Out of the trillion tokens, how much is actually useful? If only 5% is useful, a much smaller model is possible to “compress” all training data and learn a meaningful representation. For example, phi-1 model is only trained on 7B tokens, while Llama2 is trained on 2T tokens.

The secret recipe to a good LLM is the underlying data. As you can notice, everyone releases their model, but not everyone releases their training data.

2.Synthetic data

It is an inevitable route. There are 3 variables to a model (Dataset Size, Model Size, Compute) that determines a model’s power. Given the fixed amount compute, you can trade off between model size and data size. But what if you don’t have unlimited compute? You can always scale up a model, but not data.

If the world does not contain enough high quality data, what can one do?

Generate.

If the world does not contain intelligent enough data to learn from to achieve superintelligence, what can one do?

Generate.

It makes sense to generate if you have a powerful LLM with verifiers.

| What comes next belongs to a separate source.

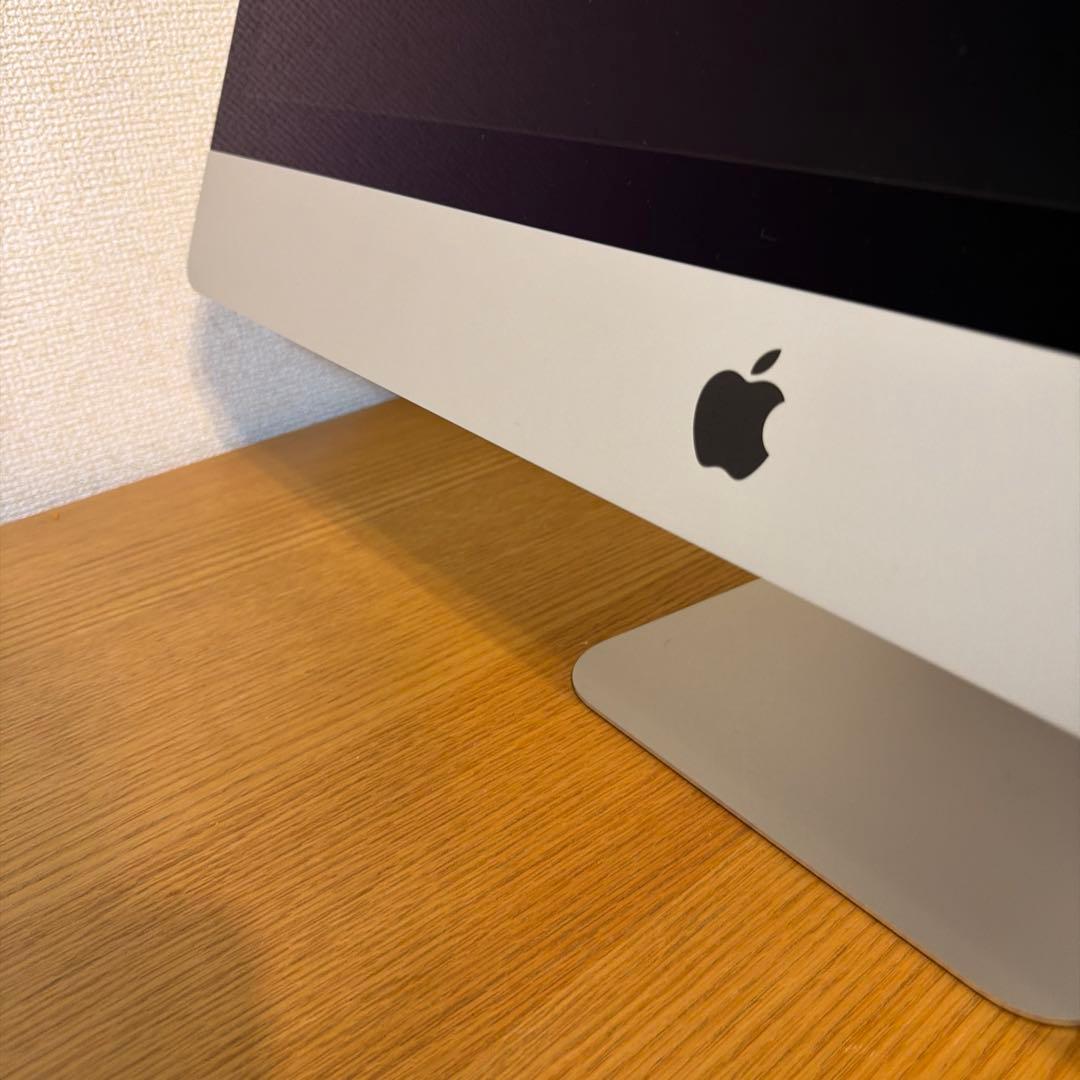 美品Apple iMac 5k 27インチ 2020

3.Industry Specific Dataset & Benchmark

The internet does not have all the data in this universe after all.

Number of use case in this planet is a long tail distribution.

Opportunity goes back to industry players who have a moat — private data that they could capitalise. There is no better time than now to create business value by digitalising physical document.

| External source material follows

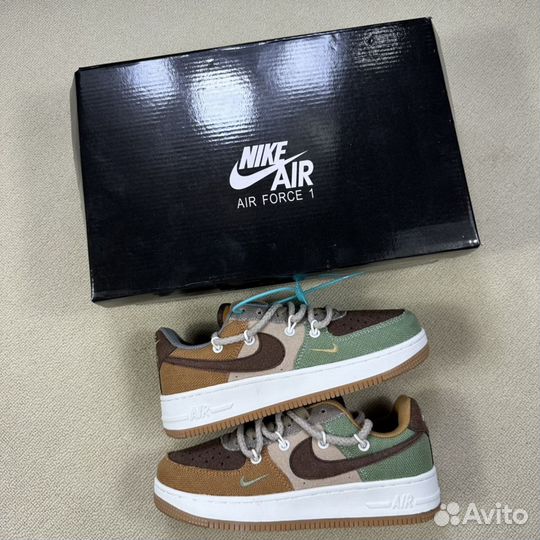 Кроссовки под заказ Nike Air Voodoo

One model to rule them all? Nah, centralised LLM will become decentralised and tailored to specific use cases.

4.LLM as a Search Engine

Before LLM, search engine can only search what already exists; now LLM can search for something that does not exist yet. It completely changes the universe of search space from limited to unlimited.

Searching with LLM becomes meaningful if latency drastically decreases because one can simulate more given the same time. FunSearch searches for how to solve a problem by combining genetic algorithm and language model which is used as a solution generator and as an evaluator.

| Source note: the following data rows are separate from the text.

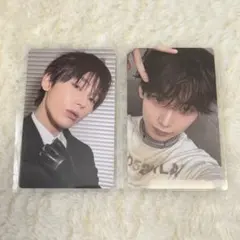 ENHYPEN ソヌ DESIRE：UNLEASH weverse トレカ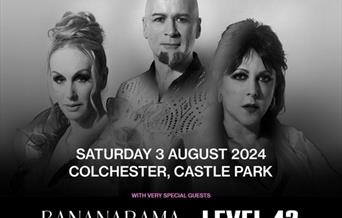 80's Calling: The Human League plus very special guests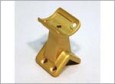 ABIRA　ぬくもり手すり32〈金具/出隅受〉ゴールド  32T-72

Search becomes scalable with small language model, and quantitative change leads to qualitative change.

5.Reasoning Engine in Robotics

With smaller model, latency becomes low enough such that robot can act and react in real time, and it becomes possible to deploy LLM in edge device, so robot can run in an offline manner. Numerous researches shows that using text-only LLM as a reasoning engine can significantly improve robotics performance, not to mention leveraging multimodal LLM.

6.The Quest for AGI and Superintelligence Continues

It depends on the definition of AGI or superintelligence. Let’s define it as an intelligent agent who surpasses the intelligence of the most gifted human being.

Crystalized from the past trends, there are few possible paths that will inevitably happen in my opinion:

Quantity : can 100 gifted minds imitated by language model surpass the most gifted human minds? It is not impossible if you view problem as considering all possible reasoning paths like Monte Carlo Tree Search and pick the weight adjusted choice.
Quality: can we generate data more intelligent than the original data that the generator was trained from? WizardLM is a good showcase that the difficulty of instruction be increased by LLM. LLM behaves like an approximate retrieval system because of its autoregressive nature so it might fail reasoning test if training data does not have so. Can we generate data that is not in training set of the generator model?

Quantity is possibly an easier path forward. After such system exists, the training signal can be distilled by another language model.

In both cases, there exists a limit in the verification/ falsifiability of knowledge that that there is no LLM which can validate the generated solution. There is an exception through: a set of problems can be quickly checkable but not quickly solvable (in NP but not in P). They will become the new testbed for LLM.

What about knowledge that is not quickly checkable? Maybe in some day LLM can prove P=NP or the vice versa.

So, will superintelligence arrive at 2024? I don’t know, but the stage is set and it’s just a matter of time. For most people, it’s game changing enough when LLM can match the intelligence of an average person, and you can have multiple of them working for you.

What do you think? What’s waiting us in 2024?